(Source data)
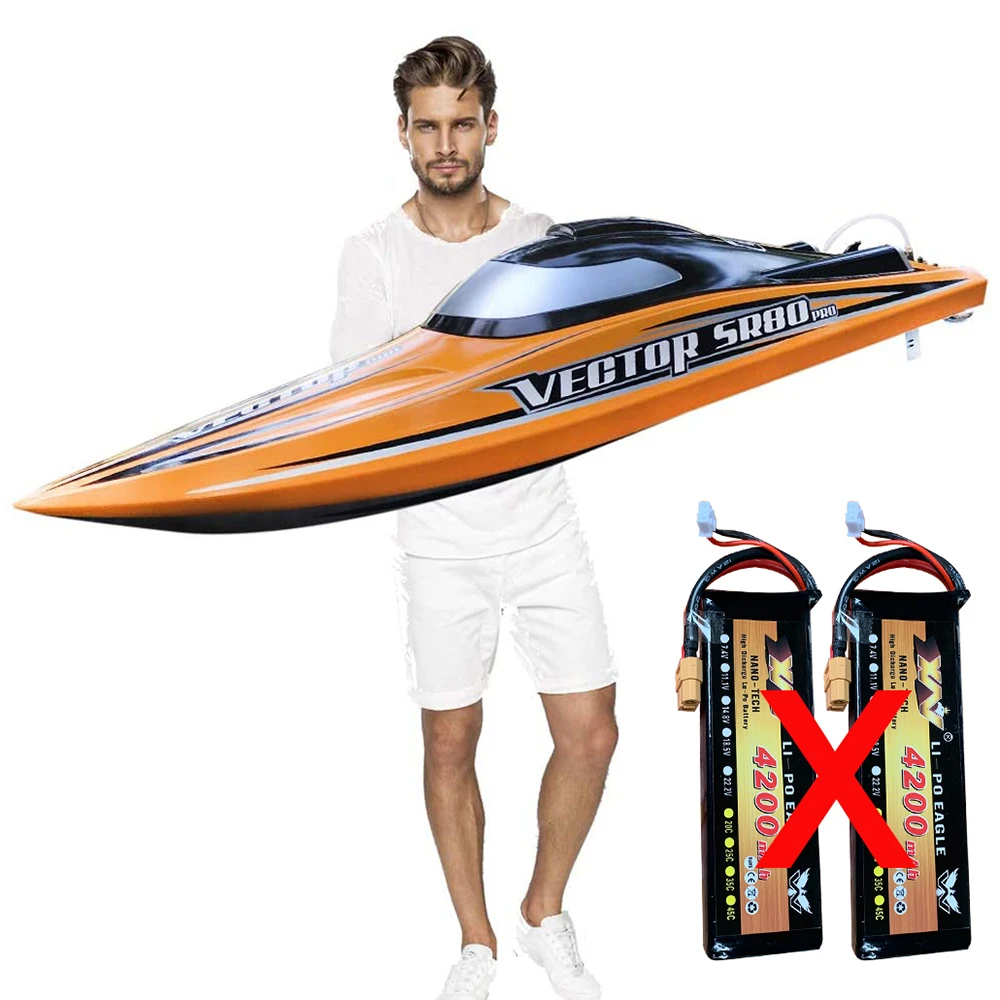 ARTR PNP S2 S3 S4 Pro. 31.5" Large Remote Control Speed Boat for Adults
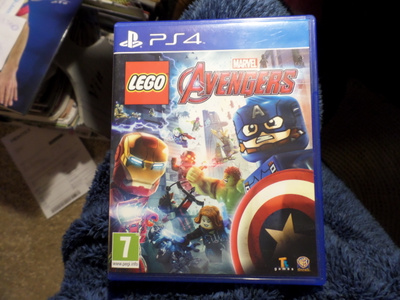 PS4 Lego Marvel Avengers CIB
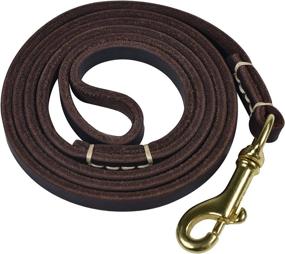 img 4 attached to 🐾 SACRONS Leather Dog Leash: Hand-Woven Traction Rope, 4/5/6 Ft Lengths, Comfortable & Strong for Tracking Training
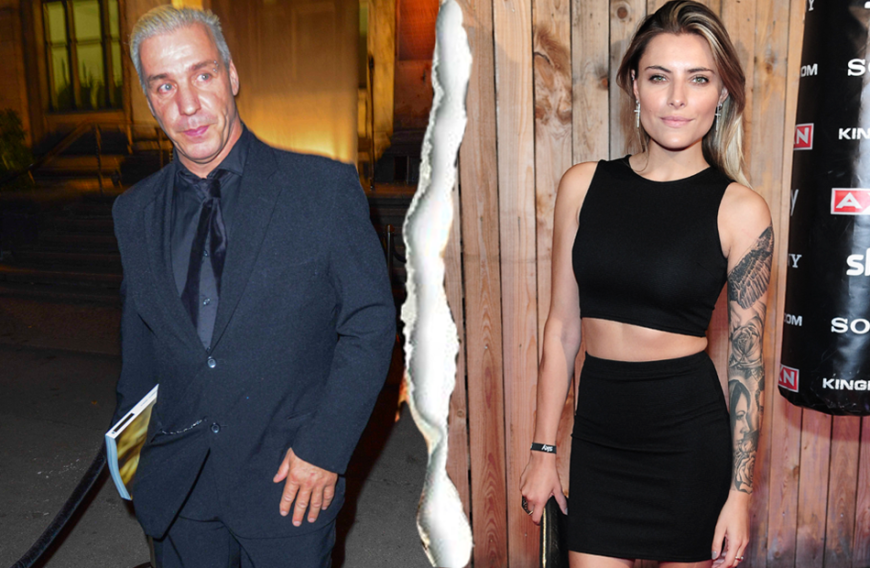 Lindemann tochter von till Sophia Thomalla:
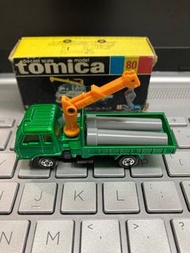 Tomica 黑盒 No.80 Cargo truck  日本製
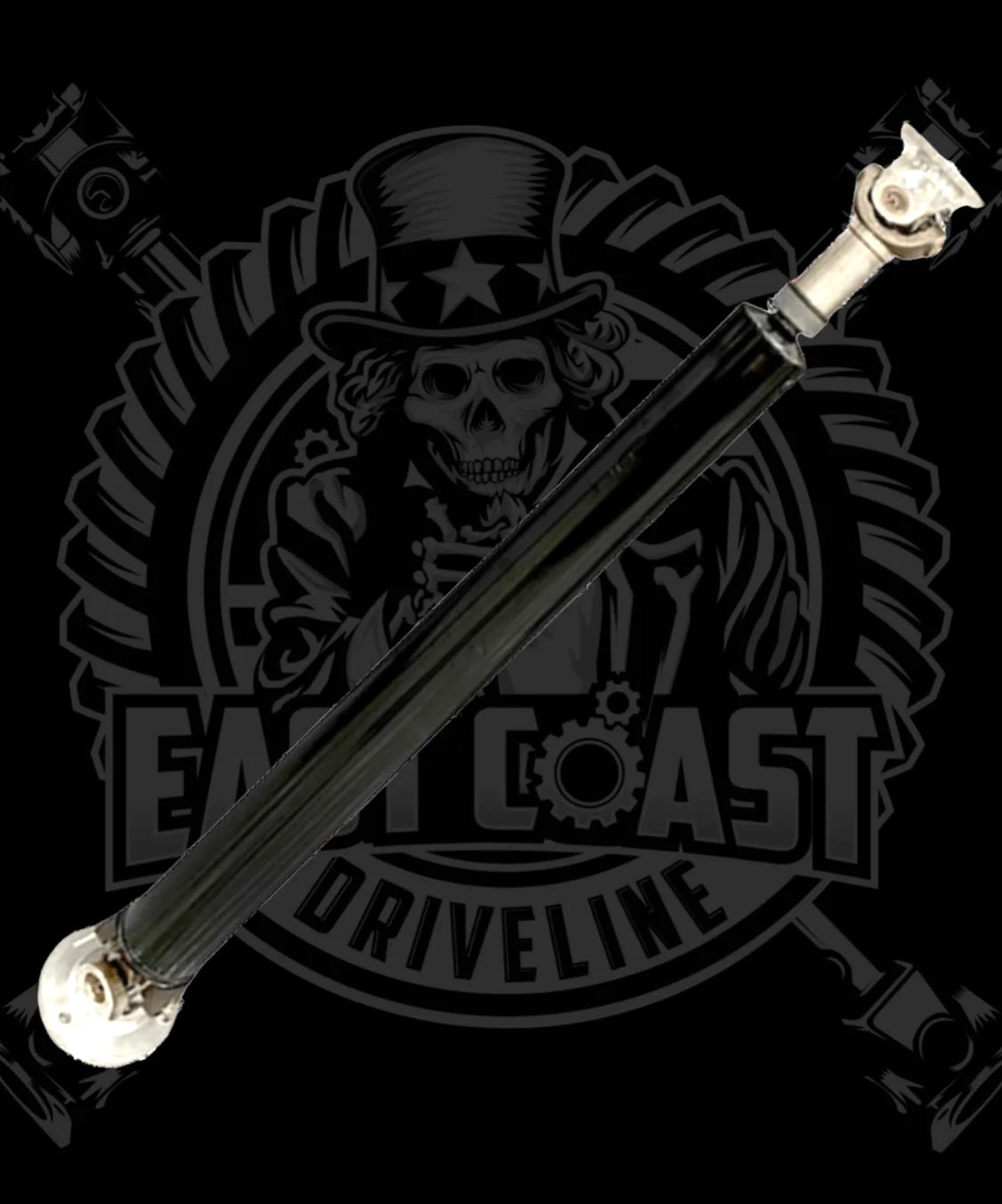 East Coast Driveline® (06-14) Dodge Charger V8 Automatic 1-Piece Driveshaft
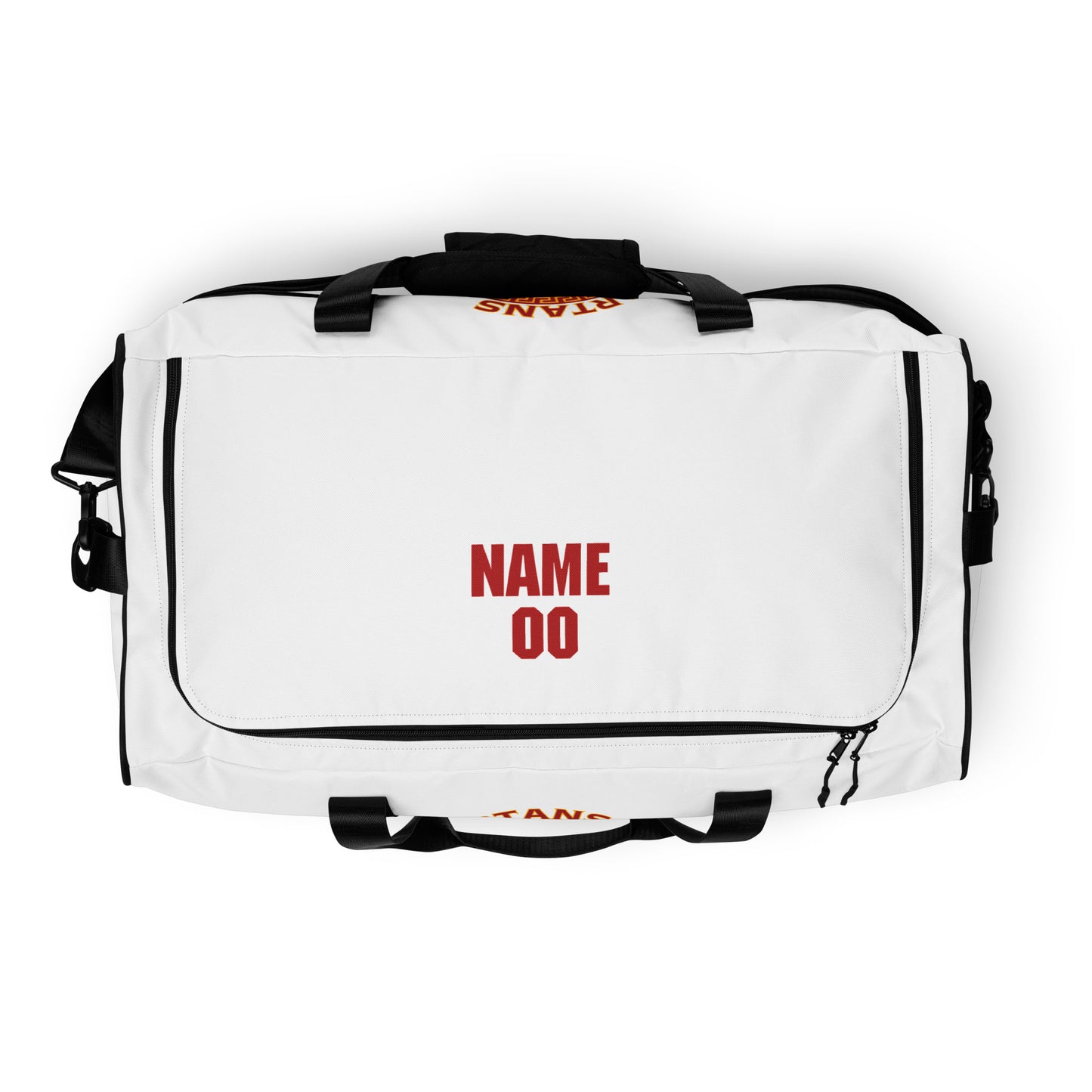 La Canada Spartans Lacrosse Duffle Bag - Personalized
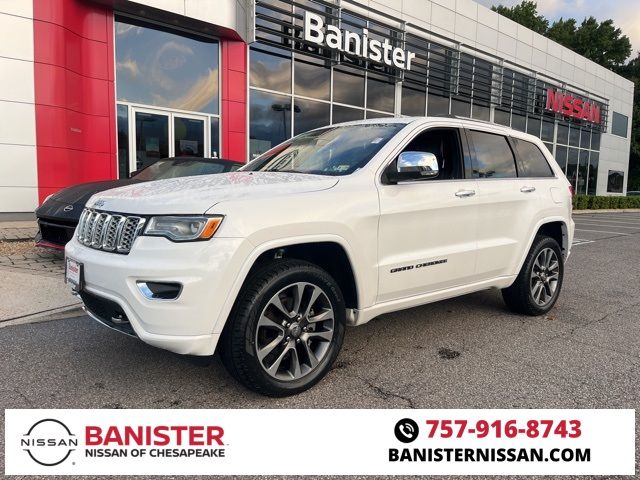 2018 Jeep Grand Cherokee Overland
(End Source data)
Prompt:
All that should be returned is the run of lines from the start of the entries above to the line bearing "La Canada Spartans", each exact, with pictures omitted.

Result of this exercise:
 ARTR PNP S2 S3 S4 Pro. 31.5" Large Remote Control Speed Boat for Adults
 PS4 Lego Marvel Avengers CIB
 img 4 attached to 🐾 SACRONS Leather Dog Leash: Hand-Woven Traction Rope, 4/5/6 Ft Lengths, Comfortable & Strong for Tracking Training
 Lindemann tochter von till Sophia Thomalla:
 Tomica 黑盒 No.80 Cargo truck  日本製
 East Coast Driveline® (06-14) Dodge Charger V8 Automatic 1-Piece Driveshaft
 La Canada Spartans Lacrosse Duffle Bag - Personalized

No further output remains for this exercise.